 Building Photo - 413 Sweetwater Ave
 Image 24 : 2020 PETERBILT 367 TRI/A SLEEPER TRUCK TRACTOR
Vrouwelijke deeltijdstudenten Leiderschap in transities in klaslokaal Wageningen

==

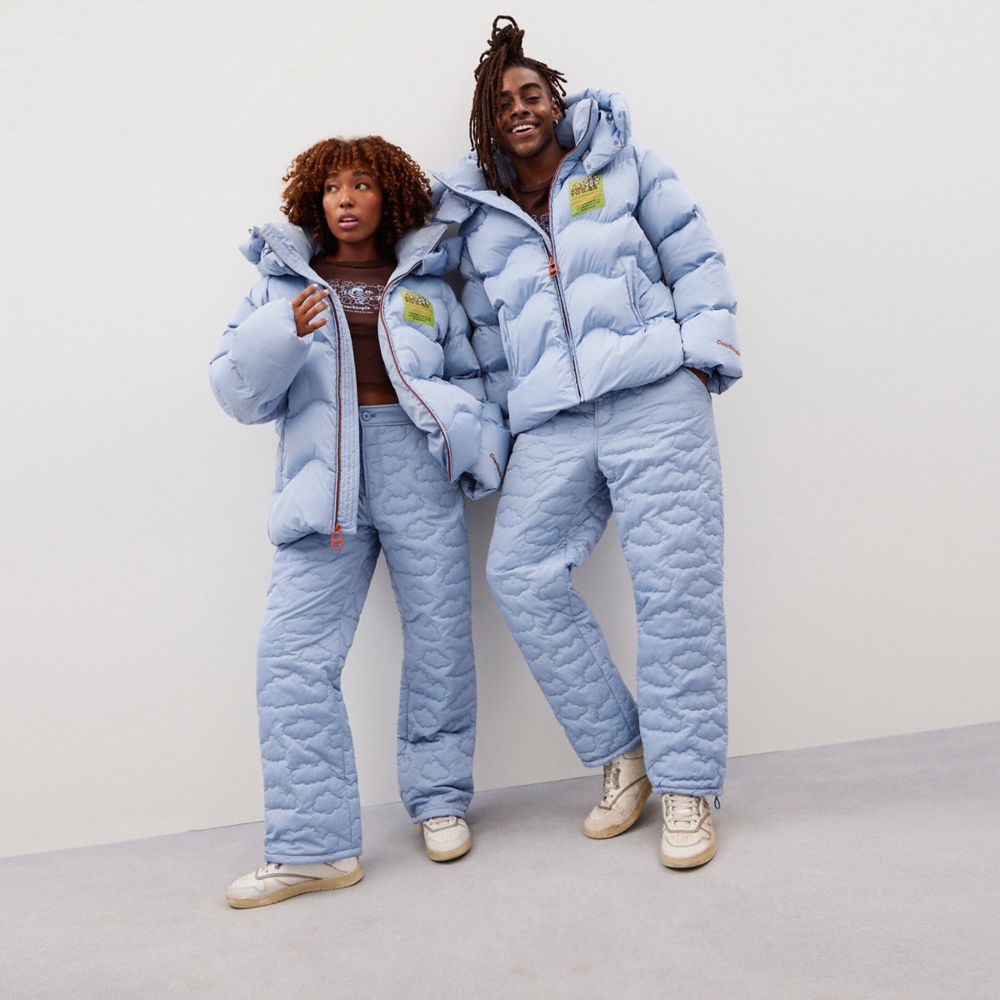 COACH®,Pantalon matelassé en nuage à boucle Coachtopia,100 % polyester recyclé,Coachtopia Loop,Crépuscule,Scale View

* * *

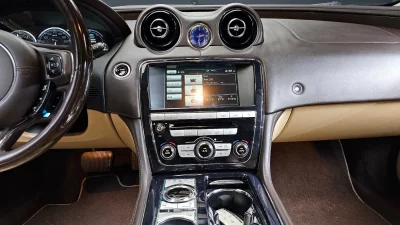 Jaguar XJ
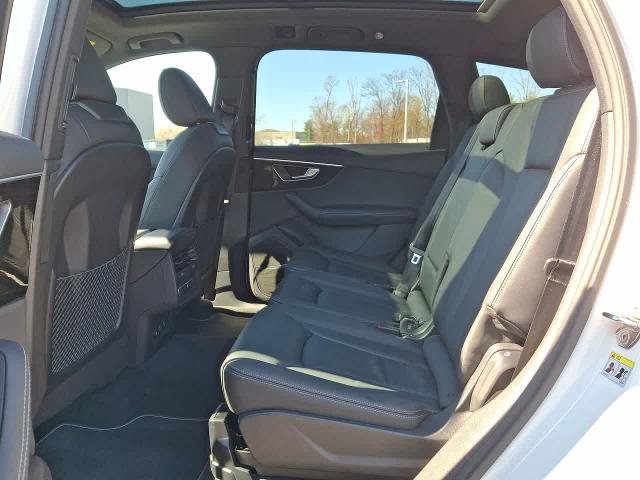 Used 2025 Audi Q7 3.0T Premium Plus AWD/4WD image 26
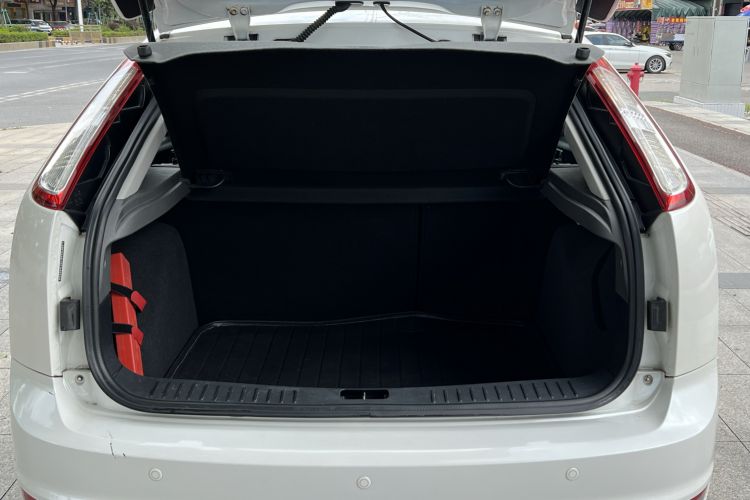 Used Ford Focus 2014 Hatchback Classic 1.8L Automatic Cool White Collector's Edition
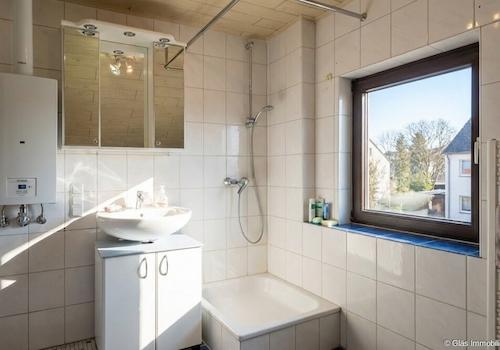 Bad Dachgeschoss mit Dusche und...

Exercise directions:
Copy word for word the lines above, starting at the line containing "Used 2025 Audi" and ending at the line containing "Bad Dachgeschoss mit Dusche und...", inclusive, with no pictures.

Response to the task:
 Used 2025 Audi Q7 3.0T Premium Plus AWD/4WD image 26
 Used Ford Focus 2014 Hatchback Classic 1.8L Automatic Cool White Collector's Edition
 Bad Dachgeschoss mit Dusche und...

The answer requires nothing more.